E, para não perder a oportunidade, tentei puxar diversos assuntos com ela. Comentei sobre os meus natais, e sobre a curiosidade que a sua expressão me causara. Ela se sentou comigo à minha mesa e conversamos até umas duas horas da madrugada. De acordo com ela, seu natal estava sendo chato unicamente pela presença da família, forçada. Família que só se tratava bem por causa da data, e não porque realmente se gostavam como parecia. Com ela falsidade não rolava. "Você me salvou de mais um natal falso" dizia ela, sorrindo e olhando para mim.
Eu não conseguia crer no quanto fora fácil puxar assunto com Taís, parecia até que ela estava desesperada para se sentar em um outro lugar por qualquer motivo, e eu fui o único motivo que lhe apareceu. Mas isso não fez com que eu não quisesse passar o meu natal com ela, afinal, eu sempre passava sozinho. Um a mais, um a menos, não faria diferença.
Às 2:00h a família de Taís foi embora. Ela foi junto se despedindo com um sorriso sincero. Dissera para os pais que eu era um grande amigo do colégio e assim pudera mudar a minha forma de comemorar 'o nascimento de jesus', o que nunca fora nada de especial para mim.

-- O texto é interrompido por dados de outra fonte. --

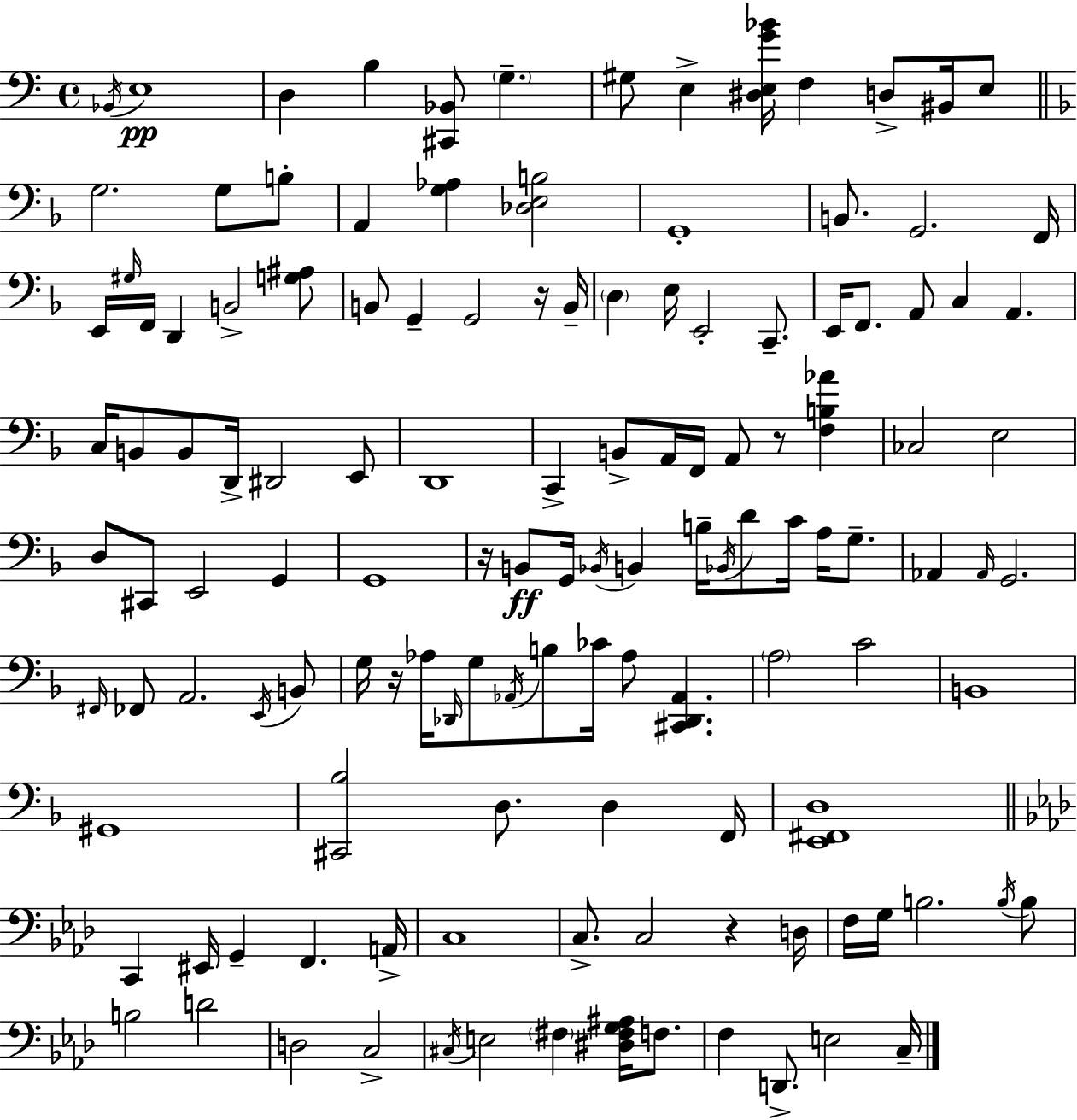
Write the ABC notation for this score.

X:1
T:Untitled
M:4/4
L:1/4
K:Am
_B,,/4 E,4 D, B, [^C,,_B,,]/2 G, ^G,/2 E, [^D,E,G_B]/4 F, D,/2 ^B,,/4 E,/2 G,2 G,/2 B,/2 A,, [G,_A,] [_D,E,B,]2 G,,4 B,,/2 G,,2 F,,/4 E,,/4 ^G,/4 F,,/4 D,, B,,2 [G,^A,]/2 B,,/2 G,, G,,2 z/4 B,,/4 D, E,/4 E,,2 C,,/2 E,,/4 F,,/2 A,,/2 C, A,, C,/4 B,,/2 B,,/2 D,,/4 ^D,,2 E,,/2 D,,4 C,, B,,/2 A,,/4 F,,/4 A,,/2 z/2 [F,B,_A] _C,2 E,2 D,/2 ^C,,/2 E,,2 G,, G,,4 z/4 B,,/2 G,,/4 _B,,/4 B,, B,/4 _B,,/4 D/2 C/4 A,/4 G,/2 _A,, _A,,/4 G,,2 ^F,,/4 _F,,/2 A,,2 E,,/4 B,,/2 G,/4 z/4 _A,/4 _D,,/4 G,/2 _A,,/4 B,/2 _C/4 _A,/2 [^C,,_D,,_A,,] A,2 C2 B,,4 ^G,,4 [^C,,_B,]2 D,/2 D, F,,/4 [E,,^F,,D,]4 C,, ^E,,/4 G,, F,, A,,/4 C,4 C,/2 C,2 z D,/4 F,/4 G,/4 B,2 B,/4 B,/2 B,2 D2 D,2 C,2 ^C,/4 E,2 ^F, [^D,^F,G,^A,]/4 F,/2 F, D,,/2 E,2 C,/4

Hoje, faz um ano que isso ocorreu. Muita coisa mudou de lá para cá. Continuo a ficar escondido observando e analisando as pessoas, sim. Mas não passo mais nenhuma data sozinho, desde que conheci Taís.

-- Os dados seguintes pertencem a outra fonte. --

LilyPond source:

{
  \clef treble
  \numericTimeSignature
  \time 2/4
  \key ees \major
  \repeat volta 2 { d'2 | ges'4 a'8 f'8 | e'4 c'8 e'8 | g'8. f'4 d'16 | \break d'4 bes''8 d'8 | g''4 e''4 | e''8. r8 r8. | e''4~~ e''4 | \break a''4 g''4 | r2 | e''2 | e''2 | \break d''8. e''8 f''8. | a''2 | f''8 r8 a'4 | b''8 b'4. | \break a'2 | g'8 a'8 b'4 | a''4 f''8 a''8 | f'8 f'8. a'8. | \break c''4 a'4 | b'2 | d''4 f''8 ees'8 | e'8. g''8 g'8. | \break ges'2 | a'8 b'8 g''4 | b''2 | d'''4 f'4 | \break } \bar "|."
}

E ao som do 'tic-tac' do meu relógio da sala, espero Taís descer arrumada. Há uns 2 meses ela viera morar comigo. Estamos namorando já faz uns 9. Só assim para eu, mais uma vez, salvá-la da 'família falsa' com a qual ela convivia por necessidade. Vamos comemorar nosso natal em uma outra lanchonete, mas, dessa vez, como mais um daqueles raros casais apaixonados de mãos dadas e sorrindo abobalhados olhando nos olhos um do outro.